Kılıcın hikayesine gelirsek. Çoğu ışın kılıcı, kullanıcıları/sahipleri tarafından inşa edilir ve öldüklerinde kılıç kendileriyle beraber emekli olur. Darksaber bu durumun istisnalarından biri, kılıcımız The Skywalker Saga’nın 1000 yıl öncesinde, Jedi Order’a katılan ilk Mandalorian olan Tarre Vizsla tarafından yaratılmış ve kullanılmış. Haliyle Mandalor kültüründe önemli bir yere sahip olmuş, gücün (hem Force olan, hem olmayan) bir sembolü haline gelmiş. Tarte Viszla’nın ölümünden sonra onu onurlandırmak için Darksaber Jedi Tapınağı’nda muhafaza edilmiş. Jedi Tapınağı yıkıldıktan sonra Vizsla Hanesi üyeleri tarafından oradan çalınmış ve sahiplenilmiş. Hanenin başındaki kişi aynı zamanda kılıca da sahip oluyor, bu şekilde Darksaber nesilden nesile aktarılmış.

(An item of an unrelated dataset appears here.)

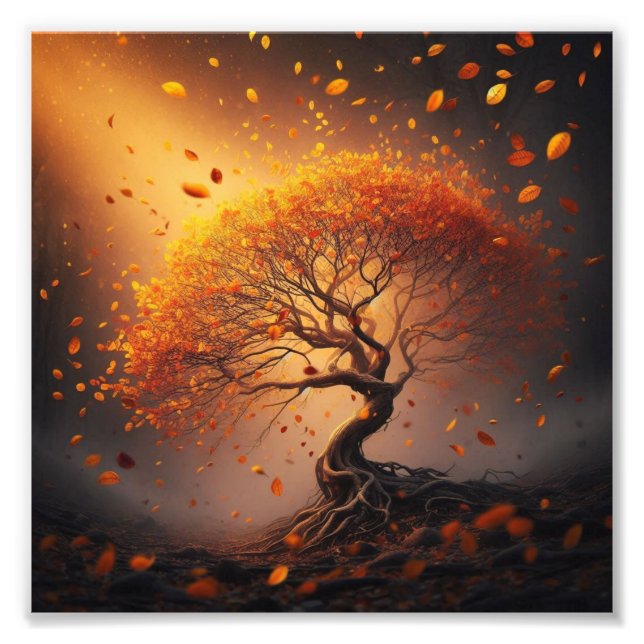 Satin Elegance: Premium Photo Enlargement (Front)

Bizim şahit olduğumuz veliahtlardan Pre Visla daha pesimist olan Mandalor yönetimine karşı bu kılıç yardımıyla ayaklanma başlatır ve yönetimi ele geçirir. Tabi pek uzun ömürlü olmaz. Ayaklanmada kendisine yardımcı olan Darth Maul tarafından öldürülene kadar kılıç kendisinde kalır. Böylelikle Darksaber ve Vizsla Hanesi yönetimi Darth Maul’un olmuş olur. Mandalorian’lar kendisine karşı ayaklanınca Maul kılıcı Dothomir’de tutmaya devam eder.

Yıllar sonra, (“Star Wars: Rebels” dizisine geçtik) Sabine Wren, Darksaber’ı Maul’dan çalar, Kanan Jarus tarafından kılıç dersleri alır ve bir düelloda İmparatorluk Genel Valisi Gar Saxon’u yenerek kılıcın sahibi olmaya hak kazanır. Babasını kılıç yardımıyla İmparatorluk gözetiminden kurtardıktan ve İmparatorluk’un süper silahını yok ettikten sonra Sabine, Darksaber’ı Mandalorianlara liderlik etme konusunda doğru kişi olarak gördüğü eski Düşes’in kız kardeşi Leydi Bo-Katan Kryze’ye teklif eder. Bo-Katan liderlik sıfatını kabul etme konusunda isteksizdir, ancak diğer klanların desteğiyle Darksaber’ı kabul eder. Galaktik İmparatorluk, Büyük Temizlik (Great Purge) olarak bilinen olayla Mandalore’u yerle bir ettikten sonra, Bo-Katan silahı kaybeder ve ardından silah bir şekilde Gideon’a giden yolu bulur. (O yolla ilgili bir şey bulamadım)

Darksaber, kanlı canlı (live action’ı böyle çevirdim ne var?) ilk kez “The Mandalorian” birinci sezon finalinde Moff Gideon tarafından kullanıldı. İkinci sezonla birlikte Bo-Katan’ın Moff Gideon’ı arayışının bu durumla ilgili olduğunu öğrendik. Silahın mülkiyeti son olarak Beskar ekibinin de yardımıyla Moff Gideon’ı yenen Din Djarin’e geçti. Mandalore’u yönetmekle hiç ilgisi olmayan Din, Gideon’u yendikten kısa bir süre sonra Darksaber’ı Bo-Katan’a vermeye çalıştı, ancak silahın uzun ve karmaşık mirası sebebiyle (ilkinde nasıl hak ettiğini de bulamadım) Bo-Katan kabul edemedi. An itibariyle kılıç karizmatik Mando’muzda kaldı. Haliyle Darksaber’ın bundan sonraki yolculuğunun “The Mandalorian”ın üçüncü sezonunun önemli bölümünü oluşturmasını bekliyoruz. Artık Bo–Katan’la mı kapışırlar, Mando lider mi olur orasını görücez. Peki bu kılıcın numarası nedir, ona bakalım.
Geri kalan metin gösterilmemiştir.